Exercise → Across the listing below, count every line where the string "coffee" appears, then give only the count.

Exercise data →
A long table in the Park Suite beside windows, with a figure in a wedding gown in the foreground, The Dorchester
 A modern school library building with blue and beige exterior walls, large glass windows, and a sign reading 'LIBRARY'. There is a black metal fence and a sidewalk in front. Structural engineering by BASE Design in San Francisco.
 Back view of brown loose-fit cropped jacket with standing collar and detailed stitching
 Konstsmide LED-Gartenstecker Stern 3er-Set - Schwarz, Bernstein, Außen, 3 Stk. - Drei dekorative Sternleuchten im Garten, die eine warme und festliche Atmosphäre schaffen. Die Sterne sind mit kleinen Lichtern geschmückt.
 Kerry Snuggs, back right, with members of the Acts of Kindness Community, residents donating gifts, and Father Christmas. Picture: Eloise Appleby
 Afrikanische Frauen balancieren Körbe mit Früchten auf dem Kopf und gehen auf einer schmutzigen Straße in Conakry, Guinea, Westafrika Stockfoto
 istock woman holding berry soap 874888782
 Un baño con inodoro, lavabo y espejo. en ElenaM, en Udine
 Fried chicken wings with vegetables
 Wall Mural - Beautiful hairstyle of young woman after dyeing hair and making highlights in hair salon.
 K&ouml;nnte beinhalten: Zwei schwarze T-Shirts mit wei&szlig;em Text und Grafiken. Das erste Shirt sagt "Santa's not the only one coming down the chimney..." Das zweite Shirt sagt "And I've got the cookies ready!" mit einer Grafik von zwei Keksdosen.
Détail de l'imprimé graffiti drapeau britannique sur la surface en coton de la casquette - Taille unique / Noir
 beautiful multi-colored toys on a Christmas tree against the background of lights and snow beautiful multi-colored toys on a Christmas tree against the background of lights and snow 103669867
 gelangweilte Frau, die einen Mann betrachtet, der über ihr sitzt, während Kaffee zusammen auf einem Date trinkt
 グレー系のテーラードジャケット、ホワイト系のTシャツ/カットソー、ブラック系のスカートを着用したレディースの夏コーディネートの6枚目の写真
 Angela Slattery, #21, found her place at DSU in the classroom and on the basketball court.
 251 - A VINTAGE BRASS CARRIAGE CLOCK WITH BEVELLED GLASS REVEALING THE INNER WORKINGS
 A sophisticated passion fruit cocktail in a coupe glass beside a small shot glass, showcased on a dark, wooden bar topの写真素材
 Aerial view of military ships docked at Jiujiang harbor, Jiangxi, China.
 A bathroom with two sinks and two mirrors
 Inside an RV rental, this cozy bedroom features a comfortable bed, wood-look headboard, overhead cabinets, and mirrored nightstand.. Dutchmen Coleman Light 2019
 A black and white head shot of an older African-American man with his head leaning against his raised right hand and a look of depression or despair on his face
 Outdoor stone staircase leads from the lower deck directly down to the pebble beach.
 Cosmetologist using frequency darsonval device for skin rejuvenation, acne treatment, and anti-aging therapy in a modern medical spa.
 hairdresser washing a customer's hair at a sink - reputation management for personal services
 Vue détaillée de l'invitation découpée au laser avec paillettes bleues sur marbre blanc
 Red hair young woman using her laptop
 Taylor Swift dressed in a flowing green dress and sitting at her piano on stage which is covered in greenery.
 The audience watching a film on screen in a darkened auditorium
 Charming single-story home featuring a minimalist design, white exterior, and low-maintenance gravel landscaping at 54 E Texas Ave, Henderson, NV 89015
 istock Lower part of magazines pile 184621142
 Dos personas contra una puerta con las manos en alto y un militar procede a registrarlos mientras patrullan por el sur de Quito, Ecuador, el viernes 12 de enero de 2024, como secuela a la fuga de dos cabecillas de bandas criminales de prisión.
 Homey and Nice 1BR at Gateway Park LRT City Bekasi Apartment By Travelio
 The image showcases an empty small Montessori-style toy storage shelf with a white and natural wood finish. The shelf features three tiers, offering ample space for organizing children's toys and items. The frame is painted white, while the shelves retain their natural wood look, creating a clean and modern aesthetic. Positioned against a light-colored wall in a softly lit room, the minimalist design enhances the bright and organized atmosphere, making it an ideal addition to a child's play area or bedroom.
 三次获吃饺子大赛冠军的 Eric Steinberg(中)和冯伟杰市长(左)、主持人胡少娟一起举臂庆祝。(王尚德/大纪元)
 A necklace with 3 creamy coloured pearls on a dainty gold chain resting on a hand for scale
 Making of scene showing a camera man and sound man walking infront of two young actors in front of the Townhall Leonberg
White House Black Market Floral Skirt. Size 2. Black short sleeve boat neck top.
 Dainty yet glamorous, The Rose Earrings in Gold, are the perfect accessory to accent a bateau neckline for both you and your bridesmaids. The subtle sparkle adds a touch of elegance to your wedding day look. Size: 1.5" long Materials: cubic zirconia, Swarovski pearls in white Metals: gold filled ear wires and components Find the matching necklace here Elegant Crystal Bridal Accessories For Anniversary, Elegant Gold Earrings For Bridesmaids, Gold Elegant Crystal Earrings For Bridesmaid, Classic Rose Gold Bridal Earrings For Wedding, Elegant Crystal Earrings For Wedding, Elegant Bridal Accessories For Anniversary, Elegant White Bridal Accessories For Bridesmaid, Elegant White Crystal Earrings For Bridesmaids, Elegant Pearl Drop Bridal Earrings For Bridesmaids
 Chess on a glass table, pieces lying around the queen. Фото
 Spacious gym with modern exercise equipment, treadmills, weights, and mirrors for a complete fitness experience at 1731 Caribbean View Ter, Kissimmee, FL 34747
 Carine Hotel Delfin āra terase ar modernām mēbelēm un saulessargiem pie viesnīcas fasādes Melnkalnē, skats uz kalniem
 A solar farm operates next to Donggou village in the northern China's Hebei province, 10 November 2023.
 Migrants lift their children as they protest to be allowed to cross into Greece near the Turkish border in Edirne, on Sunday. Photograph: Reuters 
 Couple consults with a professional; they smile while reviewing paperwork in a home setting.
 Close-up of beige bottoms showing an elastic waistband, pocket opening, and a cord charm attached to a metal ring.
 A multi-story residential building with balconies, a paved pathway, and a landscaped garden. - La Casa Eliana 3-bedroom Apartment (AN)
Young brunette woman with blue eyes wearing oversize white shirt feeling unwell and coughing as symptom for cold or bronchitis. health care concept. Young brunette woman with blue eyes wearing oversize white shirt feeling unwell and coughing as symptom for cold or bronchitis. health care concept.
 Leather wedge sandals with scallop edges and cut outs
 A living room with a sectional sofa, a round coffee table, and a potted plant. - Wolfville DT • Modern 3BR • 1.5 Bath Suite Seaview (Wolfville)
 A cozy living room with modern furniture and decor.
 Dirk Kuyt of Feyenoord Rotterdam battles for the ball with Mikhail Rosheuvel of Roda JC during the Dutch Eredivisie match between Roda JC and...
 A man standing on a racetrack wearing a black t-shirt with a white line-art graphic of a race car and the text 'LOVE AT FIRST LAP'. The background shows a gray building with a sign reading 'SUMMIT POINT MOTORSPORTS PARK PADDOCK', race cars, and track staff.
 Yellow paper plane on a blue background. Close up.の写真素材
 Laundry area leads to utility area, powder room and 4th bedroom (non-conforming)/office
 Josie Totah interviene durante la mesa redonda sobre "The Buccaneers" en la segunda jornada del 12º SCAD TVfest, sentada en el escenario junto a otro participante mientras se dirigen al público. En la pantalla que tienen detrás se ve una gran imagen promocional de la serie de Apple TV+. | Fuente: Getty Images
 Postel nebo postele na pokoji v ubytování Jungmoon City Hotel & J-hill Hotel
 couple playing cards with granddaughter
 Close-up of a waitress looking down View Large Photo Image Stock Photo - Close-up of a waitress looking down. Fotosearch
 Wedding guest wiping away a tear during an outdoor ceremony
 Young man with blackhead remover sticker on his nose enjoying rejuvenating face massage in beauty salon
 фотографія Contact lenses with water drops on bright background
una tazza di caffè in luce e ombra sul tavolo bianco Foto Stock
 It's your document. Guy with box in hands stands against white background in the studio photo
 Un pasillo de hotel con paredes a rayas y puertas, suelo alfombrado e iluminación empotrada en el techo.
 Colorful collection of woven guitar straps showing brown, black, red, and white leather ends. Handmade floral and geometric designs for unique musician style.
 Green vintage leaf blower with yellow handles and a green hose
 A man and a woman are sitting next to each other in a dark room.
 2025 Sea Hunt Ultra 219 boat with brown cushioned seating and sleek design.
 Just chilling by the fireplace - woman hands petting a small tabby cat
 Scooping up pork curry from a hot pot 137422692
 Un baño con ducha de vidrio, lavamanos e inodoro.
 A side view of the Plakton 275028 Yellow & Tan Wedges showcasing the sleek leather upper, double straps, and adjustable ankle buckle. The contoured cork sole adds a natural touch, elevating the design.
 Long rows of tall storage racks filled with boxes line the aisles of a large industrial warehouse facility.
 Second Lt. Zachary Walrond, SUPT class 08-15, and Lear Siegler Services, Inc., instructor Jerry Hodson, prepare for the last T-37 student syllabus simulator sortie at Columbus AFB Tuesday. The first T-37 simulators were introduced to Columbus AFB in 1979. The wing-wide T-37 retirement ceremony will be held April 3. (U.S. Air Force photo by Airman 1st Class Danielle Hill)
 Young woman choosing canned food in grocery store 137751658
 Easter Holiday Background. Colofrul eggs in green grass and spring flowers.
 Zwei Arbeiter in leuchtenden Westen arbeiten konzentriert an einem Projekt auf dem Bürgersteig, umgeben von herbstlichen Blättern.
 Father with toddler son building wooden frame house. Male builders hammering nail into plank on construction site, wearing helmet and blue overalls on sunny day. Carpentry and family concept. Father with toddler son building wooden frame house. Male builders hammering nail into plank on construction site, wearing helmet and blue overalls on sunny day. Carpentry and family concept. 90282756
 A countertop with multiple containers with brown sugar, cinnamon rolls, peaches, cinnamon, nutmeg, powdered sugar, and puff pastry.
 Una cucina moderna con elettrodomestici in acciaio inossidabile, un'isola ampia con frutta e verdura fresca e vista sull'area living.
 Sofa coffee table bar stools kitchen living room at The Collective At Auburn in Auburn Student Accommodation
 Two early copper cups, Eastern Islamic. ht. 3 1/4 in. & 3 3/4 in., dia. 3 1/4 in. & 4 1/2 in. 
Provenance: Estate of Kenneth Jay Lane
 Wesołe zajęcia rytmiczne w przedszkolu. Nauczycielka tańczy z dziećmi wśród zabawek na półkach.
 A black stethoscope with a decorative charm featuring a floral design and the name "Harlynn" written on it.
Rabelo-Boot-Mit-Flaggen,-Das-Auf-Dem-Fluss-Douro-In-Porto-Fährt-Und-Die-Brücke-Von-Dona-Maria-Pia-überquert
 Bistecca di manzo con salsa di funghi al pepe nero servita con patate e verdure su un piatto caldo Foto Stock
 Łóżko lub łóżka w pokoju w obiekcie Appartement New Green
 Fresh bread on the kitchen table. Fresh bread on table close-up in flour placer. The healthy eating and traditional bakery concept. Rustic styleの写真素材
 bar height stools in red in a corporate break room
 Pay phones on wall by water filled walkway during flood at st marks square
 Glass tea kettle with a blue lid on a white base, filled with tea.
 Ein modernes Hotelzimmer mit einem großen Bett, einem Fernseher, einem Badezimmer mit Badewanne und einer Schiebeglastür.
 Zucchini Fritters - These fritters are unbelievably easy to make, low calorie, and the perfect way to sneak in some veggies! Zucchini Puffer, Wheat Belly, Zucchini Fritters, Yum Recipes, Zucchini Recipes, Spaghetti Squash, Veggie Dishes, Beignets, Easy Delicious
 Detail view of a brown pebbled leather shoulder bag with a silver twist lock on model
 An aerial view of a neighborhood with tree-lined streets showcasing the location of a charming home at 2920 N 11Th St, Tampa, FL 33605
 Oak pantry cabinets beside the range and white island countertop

Answer to the exercise → 2